EXERCISE BRIEF -
Beginning with the line that includes "آئیے احباب اَحمد" and ending with the last line, print the records exactly, leaving every picture out.

EXTRACTED ENTRIES -
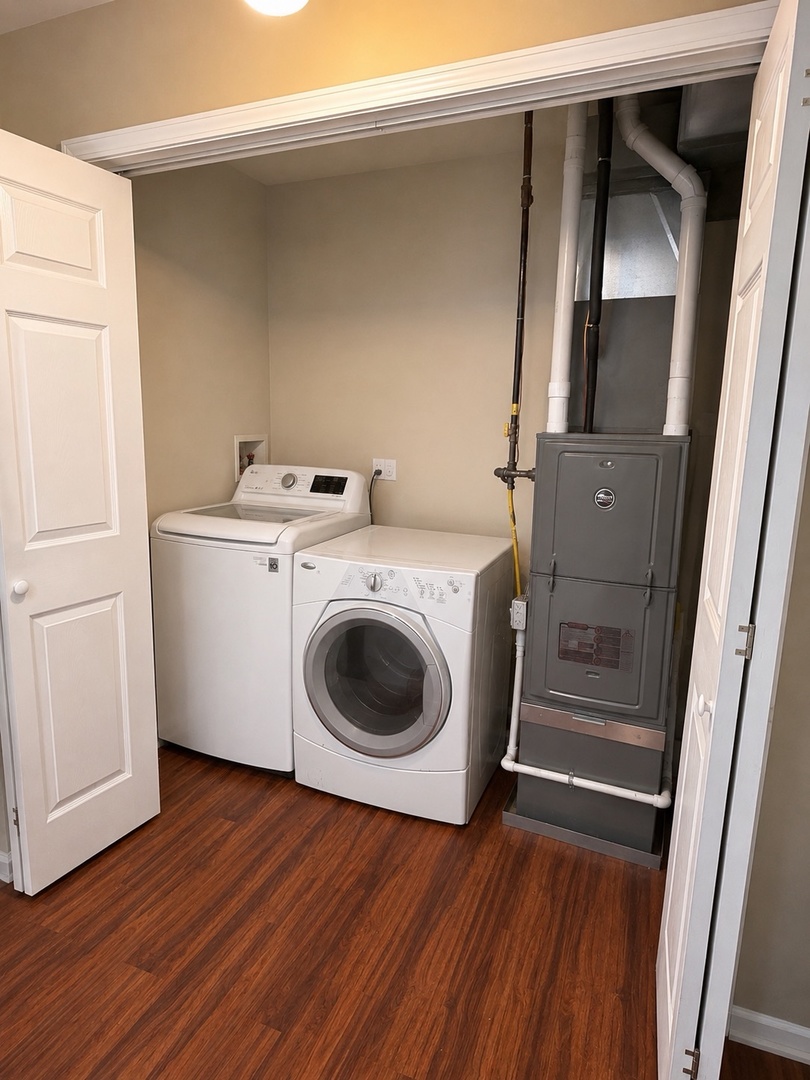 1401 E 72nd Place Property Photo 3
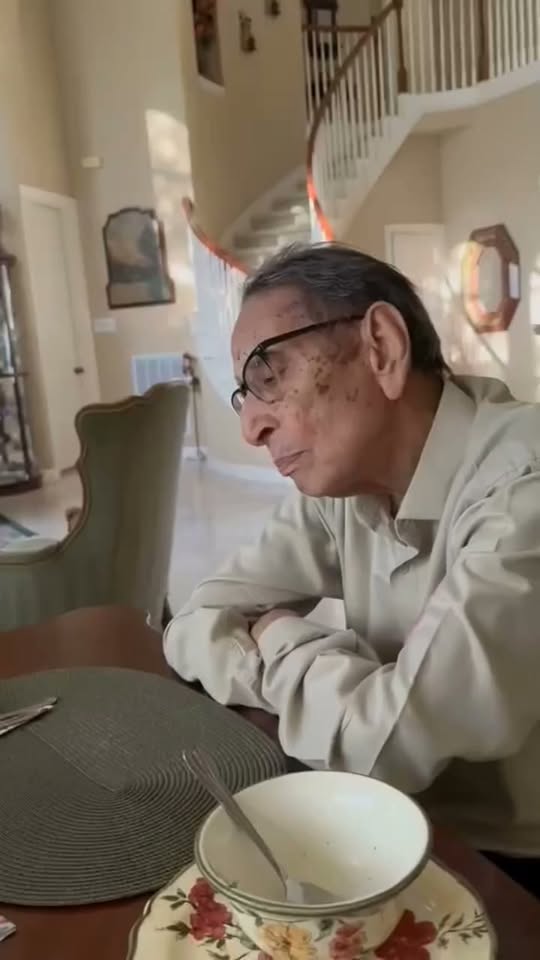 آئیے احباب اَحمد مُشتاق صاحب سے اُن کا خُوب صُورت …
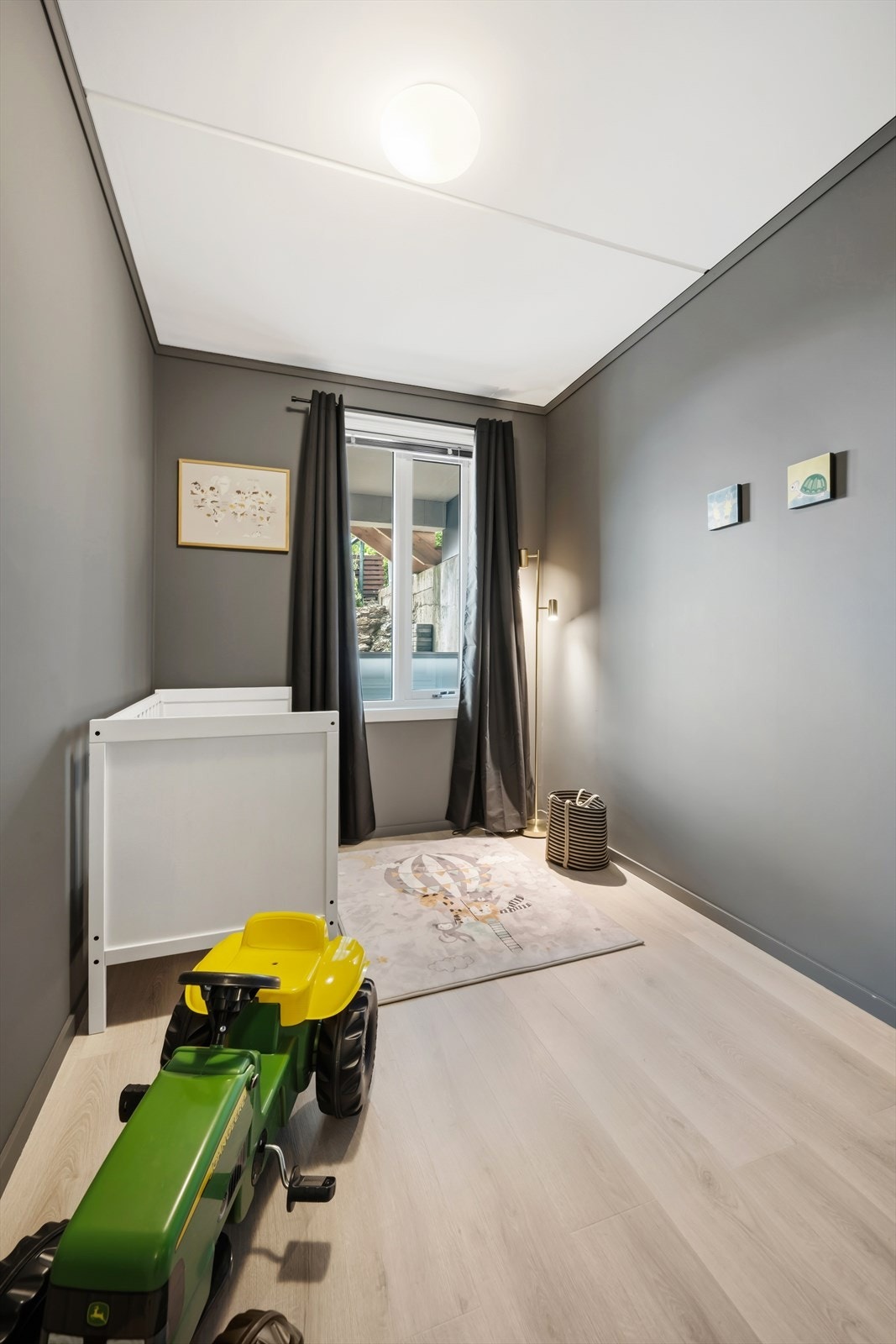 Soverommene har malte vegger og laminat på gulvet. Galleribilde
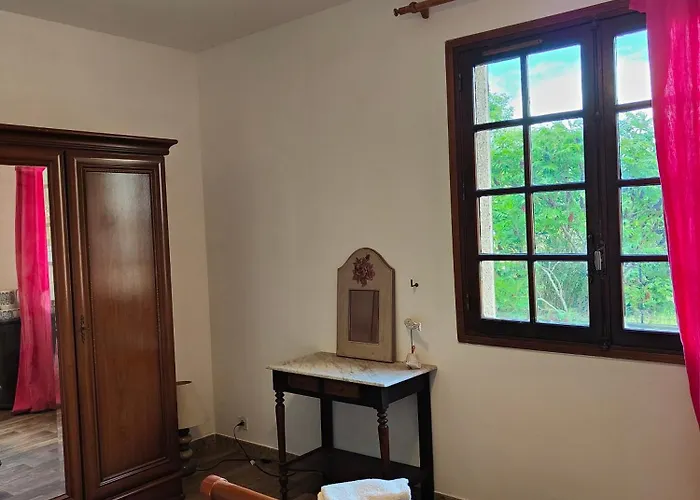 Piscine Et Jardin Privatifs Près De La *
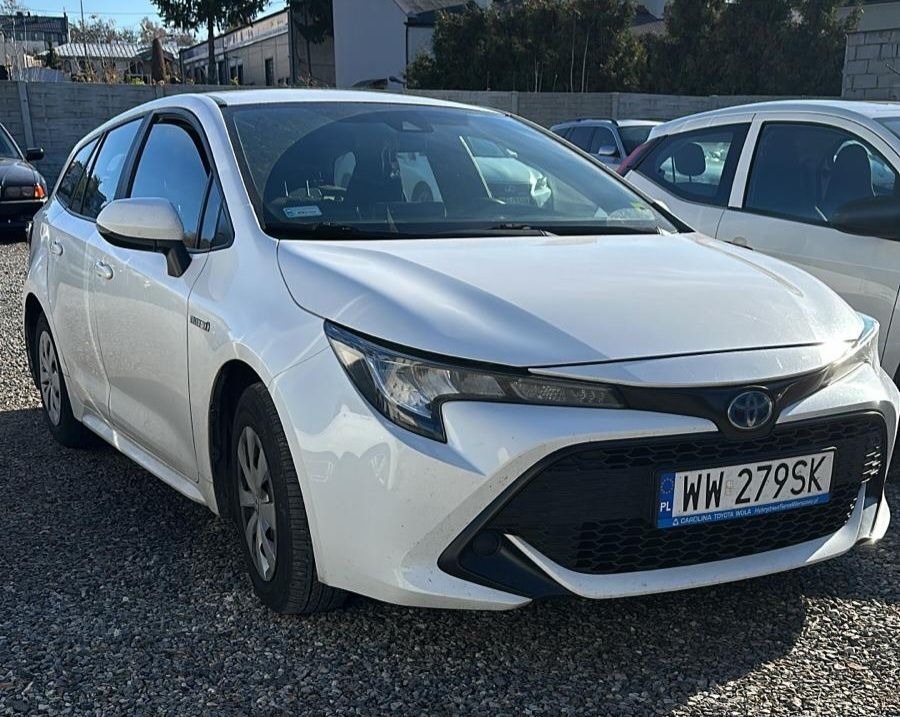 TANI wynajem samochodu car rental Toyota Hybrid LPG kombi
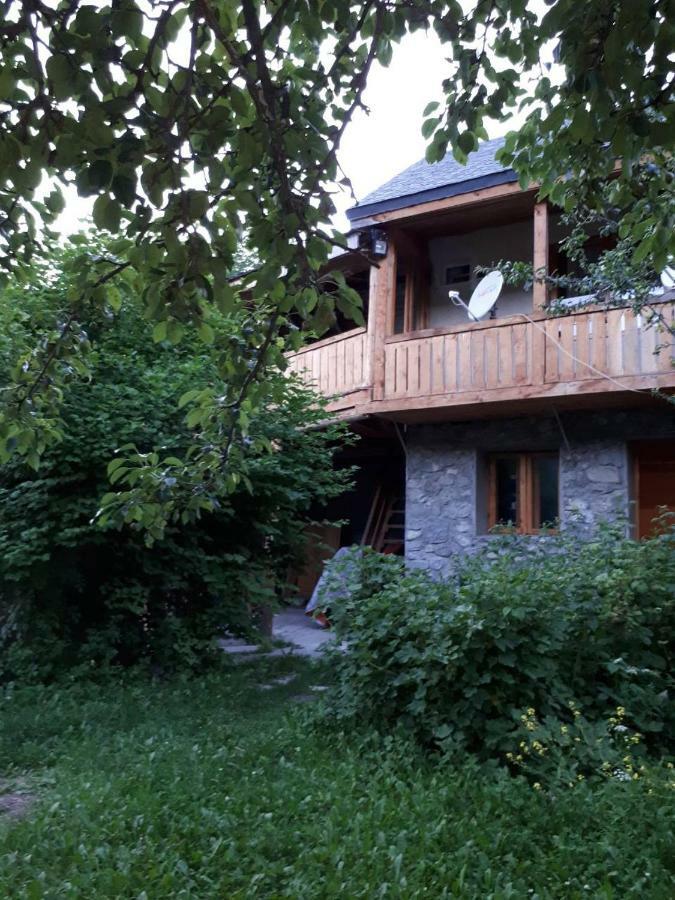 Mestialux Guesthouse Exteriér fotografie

EXERCISE ANSWER -
 آئیے احباب اَحمد مُشتاق صاحب سے اُن کا خُوب صُورت …
 Soverommene har malte vegger og laminat på gulvet. Galleribilde
 Piscine Et Jardin Privatifs Près De La *
 TANI wynajem samochodu car rental Toyota Hybrid LPG kombi
 Mestialux Guesthouse Exteriér fotografie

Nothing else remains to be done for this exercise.